Apartándose de lo que aconseja la prudencia, en Venezuela, los técnicos petroleros fueron sustituidos por militares y caciques de pueblo, y médicos cubanos llegaron para ocupar el puesto de profesionales venezolanos con posgrados y años de experiencia. Además, en un momento en que tenemos que hacer frente a la demanda de Guyana ante la Corte Internacional de Justicia para que ésta se pronuncie sobre la nulidad o validez del laudo de París sobre el territorio Esequibo, la Cancillería venezolana –incapaz de conseguir asesores en Derecho Internacional– no ha encontrado nada mejor que recurrir a abogados penalistas.
Miles de profesores universitarios, médicos, ingenieros, pilotos, técnicos electricistas, plomeros, y pare usted de contar, han debido emigrar en busca de un futuro mejor. Pero, a pesar de que, dentro y fuera del país, todavía hay profesionales capaces que podrían asesorar a quienes pretenden gobernar Venezuela, los políticos que tenemos han decidido hacerlo solos, sin asumir la responsabilidad de sus temeridades, sin sonrojarse por sus desatinos (para no usar palabras más fuertes), y sin admitir la necesidad de una renovación de toda la clase política.
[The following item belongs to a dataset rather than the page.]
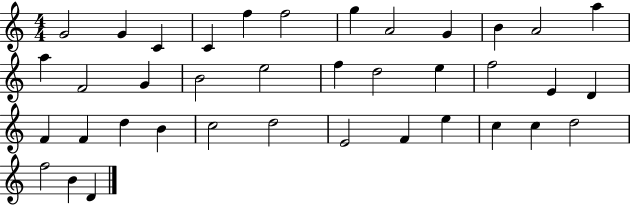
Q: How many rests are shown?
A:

Tanto en el régimen como en la oposición, la ausencia de políticos capaces de ofrecer un proyecto de país, así como un liderazgo responsable para conseguirlo, nos hace añorar a quienes estuvieron al frente de la mal llamada cuarta república. Por desgracia, en la Venezuela de hoy echamos de menos –entre los que mandan desde el Fuerte Tiuna y entre los que pretenden dirigir a la oposición– políticos de la talla de Rómulo Betancourt, Rafael Caldera, Carlos Andrés Pérez o Teodoro Petkoff. Hacen falta políticos con visión de Estado, capaces de tomar decisiones informadas, y capaces de guardar silencio cuando la ignorancia los desborda.